Family, friends remember the legacy of decorated Métis elder in Sherwood Park

Hundreds of people gathered on Saturday to celebrate the life of the late Métis elder Herb Belcourt, a businessman whose philanthropic efforts improved the lives of Métis people across the province.

Celebration of life for businessman and philanthropist Herb Belcourt draws hundreds of people

A photograph of the late Herb Belcourt sits in front of the stage where friends and family paid tribute to him during a celebration of life at Festival Place in Sherwood Park on Saturday. (Roberta Bell/CBC)

Hundreds of people gathered on Saturday to celebrate the life of the late Métis elder Herb Belcourt, a businessman whose philanthropic efforts improved the lives of Métis people across the province.

After a seven-month battle with cancer, Belcourt passed away on July 5, one day before his 86th birthday.

Aaron Barner, senior executive officer of the Métis Nation of Alberta, made a touching tribute at Festival Place in Sherwood Park to the man he called his mentor.

Thanks to a scholarship for Métis students funded by Belcourt and his business partners, Barner said he was able to pursue his education.
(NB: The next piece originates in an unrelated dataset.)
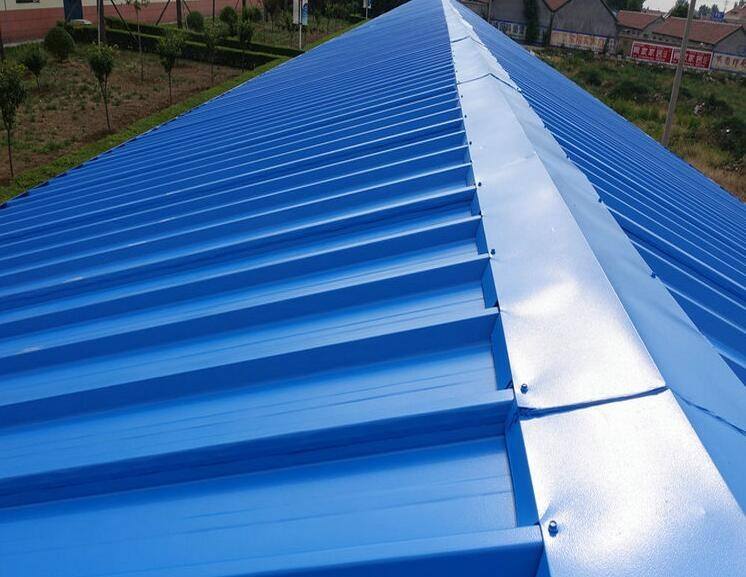 蜜桃网站在线观看翻新噴漆效果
Over the years, Barner said he got to know Belcourt more personally as they worked together on projects to preserve and promote the interests of Métis people.

"I feel truly blessed, and I know I'm better positioned to keep working hard to make sure that his legacy lives on," Barner said.
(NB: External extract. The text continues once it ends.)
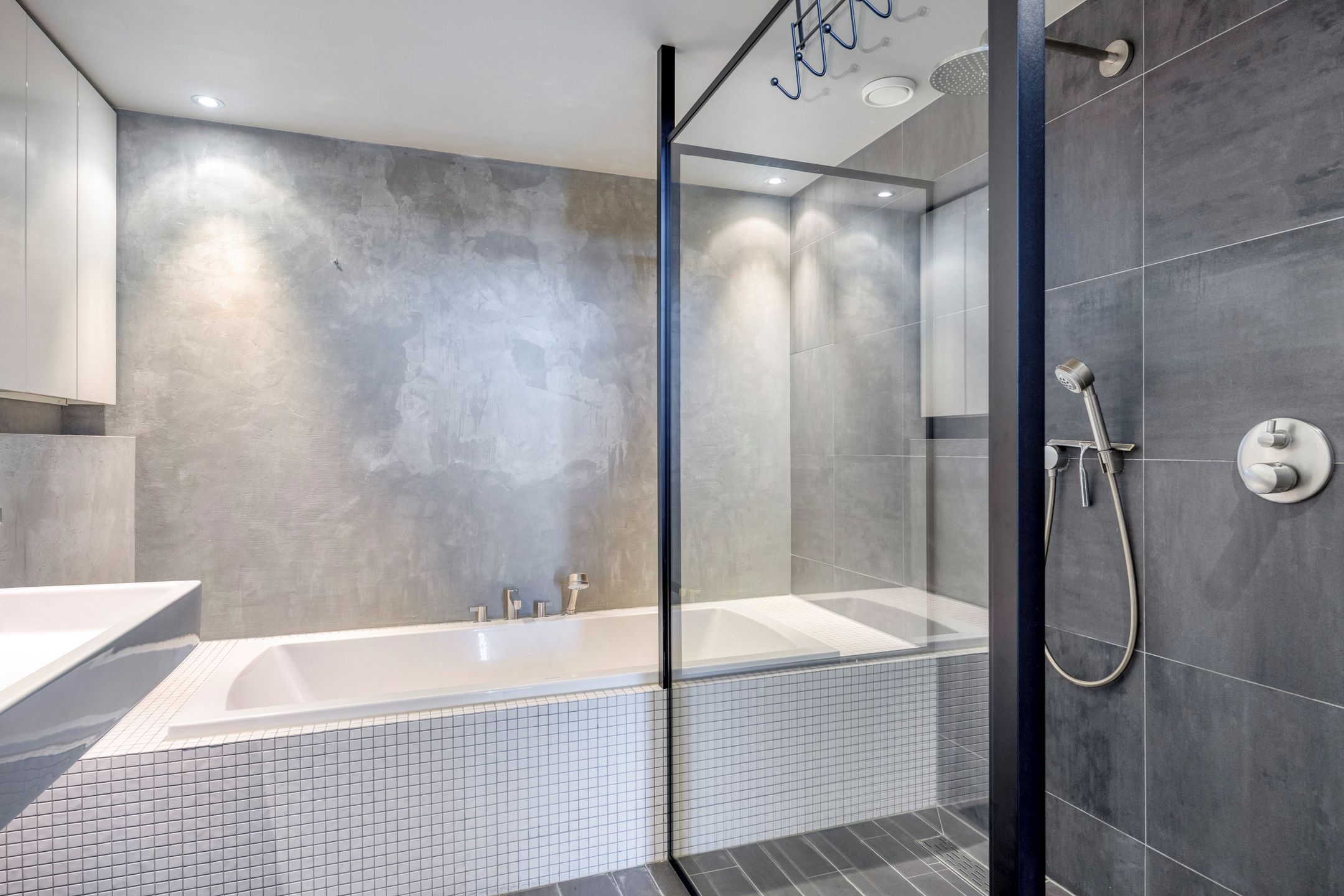 Foto 18 van Lichttoren 180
Aaron Barner, senior executive officer of the Métis Nation of Alberta, makes a touching tribute to the man he called his mentor. (Roberta Bell/CBC )

'He was all in'

Herb Belcourt worked best with a team and surrounded himself with the people necessary to get a job done right, said his cousin, Tony Belcourt, who operates in much the same way. 

In the 1970s, Tony Belcourt was involved with the Métis Nation in Edmonton and struggling to rally support for a housing project. He approached his cousin, who, with a successful construction company, had valuable skills and connections.

"Once he came and got involved, he was all in. He has so much strength and tenacity. There's no way he'd take no for an answer," Belcourt said Saturday. 

"Herb just had the strength to be able to move forward. Herb could charm a lot of people because he had natural charm… There was nothing phony about him and I think that's one of his best assets."

'There will be a void in my life'

Their other cousin, Orval Belcourt, with a background in social work, did a lot of the behind-the-scenes work.

Orval Belcourt grew up with Herb Belcourt near Lac Ste. Anne.

Orval Belcourt said his late cousin Herb Belcourt was like a brother. (Roberta Bell/CBC)

"Herb and I were very, very close. In fact, so many people considered Herb and I to be brothers," Orval Belcourt said.

"I believe in so many ways we complemented one another. There will be a void in my life for sure. When you lose somebody that you are so close to, it's pretty hard."

The Belcourt cousins, with Georges Brousseau, formed the Canative Housing Corporation, which they later liquidated to form the scholarship fund.

Legacy lives on

Herb Belcourt is survived by children, grandchildren, great-grandchildren and his wife, Lesley, with whom he worked closely on many of his endeavours.

Hundreds of people gathered at Festival Place in Sherwood Park for Herb Belcourt's celebration of life. (Roberta Bell/CBC)

For his contributions to the Métis people and the community at large, Herb Belcourt has been decorated with the Order of Canada, the Queen's Golden Jubilee Medal and an Aboriginal Lifetime Achievement Award

The recipient of an honourary doctorate from the University of Alberta, he has also been inducted into the Canadian Council for Aboriginal Business Hall of Fame and the Salute to Excellence Hall of Fame at the City of Edmonton.

There is a park named in his honour in Sherwood Park.